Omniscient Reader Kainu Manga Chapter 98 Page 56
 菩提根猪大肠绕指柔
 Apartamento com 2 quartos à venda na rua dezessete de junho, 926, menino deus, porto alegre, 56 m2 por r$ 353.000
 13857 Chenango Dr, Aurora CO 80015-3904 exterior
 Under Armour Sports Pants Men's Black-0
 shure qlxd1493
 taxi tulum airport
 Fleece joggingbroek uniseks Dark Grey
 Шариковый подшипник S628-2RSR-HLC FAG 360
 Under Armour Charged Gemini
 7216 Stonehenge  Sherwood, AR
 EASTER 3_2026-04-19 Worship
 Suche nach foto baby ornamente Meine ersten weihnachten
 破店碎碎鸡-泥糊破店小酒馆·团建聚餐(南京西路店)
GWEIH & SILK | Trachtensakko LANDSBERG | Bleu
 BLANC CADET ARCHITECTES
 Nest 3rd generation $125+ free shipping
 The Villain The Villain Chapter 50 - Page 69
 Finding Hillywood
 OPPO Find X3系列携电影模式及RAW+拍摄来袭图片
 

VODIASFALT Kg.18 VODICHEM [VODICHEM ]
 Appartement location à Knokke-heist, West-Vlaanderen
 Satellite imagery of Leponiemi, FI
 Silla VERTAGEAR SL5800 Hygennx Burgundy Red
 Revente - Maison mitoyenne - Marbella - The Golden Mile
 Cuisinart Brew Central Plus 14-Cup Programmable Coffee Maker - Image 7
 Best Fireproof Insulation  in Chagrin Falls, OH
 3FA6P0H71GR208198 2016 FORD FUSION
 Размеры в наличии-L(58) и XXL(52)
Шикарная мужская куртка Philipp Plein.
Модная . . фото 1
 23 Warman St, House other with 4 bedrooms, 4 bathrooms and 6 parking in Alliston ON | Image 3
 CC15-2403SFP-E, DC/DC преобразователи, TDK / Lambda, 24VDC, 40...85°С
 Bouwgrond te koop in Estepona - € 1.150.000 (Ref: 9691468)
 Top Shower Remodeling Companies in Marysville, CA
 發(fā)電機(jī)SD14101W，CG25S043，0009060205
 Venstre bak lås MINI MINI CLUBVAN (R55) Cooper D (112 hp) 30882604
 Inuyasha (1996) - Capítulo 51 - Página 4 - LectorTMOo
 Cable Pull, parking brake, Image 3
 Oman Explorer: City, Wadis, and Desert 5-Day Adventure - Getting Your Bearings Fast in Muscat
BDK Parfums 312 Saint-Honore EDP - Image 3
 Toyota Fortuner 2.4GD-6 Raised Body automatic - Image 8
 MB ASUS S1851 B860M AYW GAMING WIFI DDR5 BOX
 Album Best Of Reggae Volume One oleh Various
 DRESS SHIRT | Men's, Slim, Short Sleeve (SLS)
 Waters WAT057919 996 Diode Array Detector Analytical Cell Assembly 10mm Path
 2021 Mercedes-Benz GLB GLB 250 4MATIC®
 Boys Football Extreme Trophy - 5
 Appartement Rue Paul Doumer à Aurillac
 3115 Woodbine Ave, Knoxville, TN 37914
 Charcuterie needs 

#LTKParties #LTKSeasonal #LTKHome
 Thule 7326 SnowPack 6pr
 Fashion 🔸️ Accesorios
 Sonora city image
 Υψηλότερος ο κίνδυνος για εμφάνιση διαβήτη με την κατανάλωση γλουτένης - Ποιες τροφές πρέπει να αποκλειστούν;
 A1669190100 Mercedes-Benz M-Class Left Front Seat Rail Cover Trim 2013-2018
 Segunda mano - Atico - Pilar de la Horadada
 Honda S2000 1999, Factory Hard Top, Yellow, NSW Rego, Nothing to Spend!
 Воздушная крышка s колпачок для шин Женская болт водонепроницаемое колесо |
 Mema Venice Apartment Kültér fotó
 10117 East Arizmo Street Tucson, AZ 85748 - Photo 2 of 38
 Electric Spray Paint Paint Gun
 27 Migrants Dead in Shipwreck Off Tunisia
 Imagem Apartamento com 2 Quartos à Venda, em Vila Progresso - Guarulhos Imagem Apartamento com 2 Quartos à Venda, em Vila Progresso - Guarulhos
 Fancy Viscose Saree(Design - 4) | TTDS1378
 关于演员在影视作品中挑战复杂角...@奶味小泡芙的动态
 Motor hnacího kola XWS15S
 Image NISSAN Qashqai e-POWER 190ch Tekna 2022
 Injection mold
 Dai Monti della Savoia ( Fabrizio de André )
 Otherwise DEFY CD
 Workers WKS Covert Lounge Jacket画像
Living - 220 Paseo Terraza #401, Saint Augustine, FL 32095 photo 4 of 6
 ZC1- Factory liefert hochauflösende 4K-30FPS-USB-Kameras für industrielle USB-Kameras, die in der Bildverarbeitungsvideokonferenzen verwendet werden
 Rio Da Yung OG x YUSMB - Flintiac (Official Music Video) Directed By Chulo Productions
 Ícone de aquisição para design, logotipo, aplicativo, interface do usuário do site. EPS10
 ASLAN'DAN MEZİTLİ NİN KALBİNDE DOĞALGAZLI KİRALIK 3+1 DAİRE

|---|

TASK PROMPT. Retype the records above without changing a single word.

EXPECTED OUTPUT.
Omniscient Reader Kainu Manga Chapter 98 Page 56
 菩提根猪大肠绕指柔
 Apartamento com 2 quartos à venda na rua dezessete de junho, 926, menino deus, porto alegre, 56 m2 por r$ 353.000
 13857 Chenango Dr, Aurora CO 80015-3904 exterior
 Under Armour Sports Pants Men's Black-0
 shure qlxd1493
 taxi tulum airport
 Fleece joggingbroek uniseks Dark Grey
 Шариковый подшипник S628-2RSR-HLC FAG 360
 Under Armour Charged Gemini
 7216 Stonehenge  Sherwood, AR
 EASTER 3_2026-04-19 Worship
 Suche nach foto baby ornamente Meine ersten weihnachten
 破店碎碎鸡-泥糊破店小酒馆·团建聚餐(南京西路店)
GWEIH & SILK | Trachtensakko LANDSBERG | Bleu
 BLANC CADET ARCHITECTES
 Nest 3rd generation $125+ free shipping
 The Villain The Villain Chapter 50 - Page 69
 Finding Hillywood
 OPPO Find X3系列携电影模式及RAW+拍摄来袭图片
 

VODIASFALT Kg.18 VODICHEM [VODICHEM ]
 Appartement location à Knokke-heist, West-Vlaanderen
 Satellite imagery of Leponiemi, FI
 Silla VERTAGEAR SL5800 Hygennx Burgundy Red
 Revente - Maison mitoyenne - Marbella - The Golden Mile
 Cuisinart Brew Central Plus 14-Cup Programmable Coffee Maker - Image 7
 Best Fireproof Insulation  in Chagrin Falls, OH
 3FA6P0H71GR208198 2016 FORD FUSION
 Размеры в наличии-L(58) и XXL(52)
Шикарная мужская куртка Philipp Plein.
Модная . . фото 1
 23 Warman St, House other with 4 bedrooms, 4 bathrooms and 6 parking in Alliston ON | Image 3
 CC15-2403SFP-E, DC/DC преобразователи, TDK / Lambda, 24VDC, 40...85°С
 Bouwgrond te koop in Estepona - € 1.150.000 (Ref: 9691468)
 Top Shower Remodeling Companies in Marysville, CA
 發(fā)電機(jī)SD14101W，CG25S043，0009060205
 Venstre bak lås MINI MINI CLUBVAN (R55) Cooper D (112 hp) 30882604
 Inuyasha (1996) - Capítulo 51 - Página 4 - LectorTMOo
 Cable Pull, parking brake, Image 3
 Oman Explorer: City, Wadis, and Desert 5-Day Adventure - Getting Your Bearings Fast in Muscat
BDK Parfums 312 Saint-Honore EDP - Image 3
 Toyota Fortuner 2.4GD-6 Raised Body automatic - Image 8
 MB ASUS S1851 B860M AYW GAMING WIFI DDR5 BOX
 Album Best Of Reggae Volume One oleh Various
 DRESS SHIRT | Men's, Slim, Short Sleeve (SLS)
 Waters WAT057919 996 Diode Array Detector Analytical Cell Assembly 10mm Path
 2021 Mercedes-Benz GLB GLB 250 4MATIC®
 Boys Football Extreme Trophy - 5
 Appartement Rue Paul Doumer à Aurillac
 3115 Woodbine Ave, Knoxville, TN 37914
 Charcuterie needs 

#LTKParties #LTKSeasonal #LTKHome
 Thule 7326 SnowPack 6pr
 Fashion 🔸️ Accesorios
 Sonora city image
 Υψηλότερος ο κίνδυνος για εμφάνιση διαβήτη με την κατανάλωση γλουτένης - Ποιες τροφές πρέπει να αποκλειστούν;
 A1669190100 Mercedes-Benz M-Class Left Front Seat Rail Cover Trim 2013-2018
 Segunda mano - Atico - Pilar de la Horadada
 Honda S2000 1999, Factory Hard Top, Yellow, NSW Rego, Nothing to Spend!
 Воздушная крышка s колпачок для шин Женская болт водонепроницаемое колесо |
 Mema Venice Apartment Kültér fotó
 10117 East Arizmo Street Tucson, AZ 85748 - Photo 2 of 38
 Electric Spray Paint Paint Gun
 27 Migrants Dead in Shipwreck Off Tunisia
 Imagem Apartamento com 2 Quartos à Venda, em Vila Progresso - Guarulhos Imagem Apartamento com 2 Quartos à Venda, em Vila Progresso - Guarulhos
 Fancy Viscose Saree(Design - 4) | TTDS1378
 关于演员在影视作品中挑战复杂角...@奶味小泡芙的动态
 Motor hnacího kola XWS15S
 Image NISSAN Qashqai e-POWER 190ch Tekna 2022
 Injection mold
 Dai Monti della Savoia ( Fabrizio de André )
 Otherwise DEFY CD
 Workers WKS Covert Lounge Jacket画像
Living - 220 Paseo Terraza #401, Saint Augustine, FL 32095 photo 4 of 6
 ZC1- Factory liefert hochauflösende 4K-30FPS-USB-Kameras für industrielle USB-Kameras, die in der Bildverarbeitungsvideokonferenzen verwendet werden
 Rio Da Yung OG x YUSMB - Flintiac (Official Music Video) Directed By Chulo Productions
 Ícone de aquisição para design, logotipo, aplicativo, interface do usuário do site. EPS10
 ASLAN'DAN MEZİTLİ NİN KALBİNDE DOĞALGAZLI KİRALIK 3+1 DAİRE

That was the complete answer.